I felt my soul die a little bit at that point.

But the fun part is that Gemini first didn't provide a good answer.

And then on the second go it also didn't provide a good answer.

And then on the third attempt we decided to table the issue for the moment because prompt coding on a call was taking longer than I think he expected.

I really disliked that experience.

[–] CanadaPlus@lemmy.sdf.org 7 points 1 month ago

Hmm, was the boss hoping to turn that into a "why do I even pay you" moment?

[–] positivemonitor@lemmy.ml 11 points 1 month ago
[–] iByteABit@lemmy.ml 7 points 1 month ago

Knowing how to code is now "syntax heavy"

god I hate this world

[–] WorldsDumbestMan@lemmy.today 5 points 1 month ago (1 children)

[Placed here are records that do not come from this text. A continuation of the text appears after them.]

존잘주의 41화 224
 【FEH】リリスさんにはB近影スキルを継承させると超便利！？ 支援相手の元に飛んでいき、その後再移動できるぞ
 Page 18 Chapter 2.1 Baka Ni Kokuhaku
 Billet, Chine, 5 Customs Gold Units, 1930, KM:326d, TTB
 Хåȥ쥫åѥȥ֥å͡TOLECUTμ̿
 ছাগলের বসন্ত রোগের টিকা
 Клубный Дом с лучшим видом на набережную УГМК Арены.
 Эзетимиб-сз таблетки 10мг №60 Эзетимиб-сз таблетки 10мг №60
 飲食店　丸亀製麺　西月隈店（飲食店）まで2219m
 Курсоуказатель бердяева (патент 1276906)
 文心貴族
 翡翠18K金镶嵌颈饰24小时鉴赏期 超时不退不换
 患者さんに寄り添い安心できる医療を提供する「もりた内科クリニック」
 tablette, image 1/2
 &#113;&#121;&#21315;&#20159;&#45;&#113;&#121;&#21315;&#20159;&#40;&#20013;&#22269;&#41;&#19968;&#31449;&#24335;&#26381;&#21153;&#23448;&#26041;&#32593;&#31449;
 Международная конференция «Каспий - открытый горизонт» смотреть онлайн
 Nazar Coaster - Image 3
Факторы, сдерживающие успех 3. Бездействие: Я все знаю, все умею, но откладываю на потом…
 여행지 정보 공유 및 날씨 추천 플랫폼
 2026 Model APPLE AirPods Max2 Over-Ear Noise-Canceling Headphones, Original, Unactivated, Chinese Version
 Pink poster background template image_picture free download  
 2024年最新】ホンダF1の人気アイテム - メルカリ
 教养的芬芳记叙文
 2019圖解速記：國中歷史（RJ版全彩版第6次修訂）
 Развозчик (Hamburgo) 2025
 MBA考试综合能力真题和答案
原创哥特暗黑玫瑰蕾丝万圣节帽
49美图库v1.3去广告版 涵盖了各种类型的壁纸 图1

I will sign up! I have no fucking idea how vibe coding works, which makes me perfect!

[–] Birch@sh.itjust.works 4 points 1 month ago

That's the beauty of it, just ask chatgpt or copilot how to do it, then learn by fixing all their mistakes. Until my company decided to become "AI first" I barely ever touched Python, I still barely know Python, but I now know to spot indentation errors and hallucinated function calls.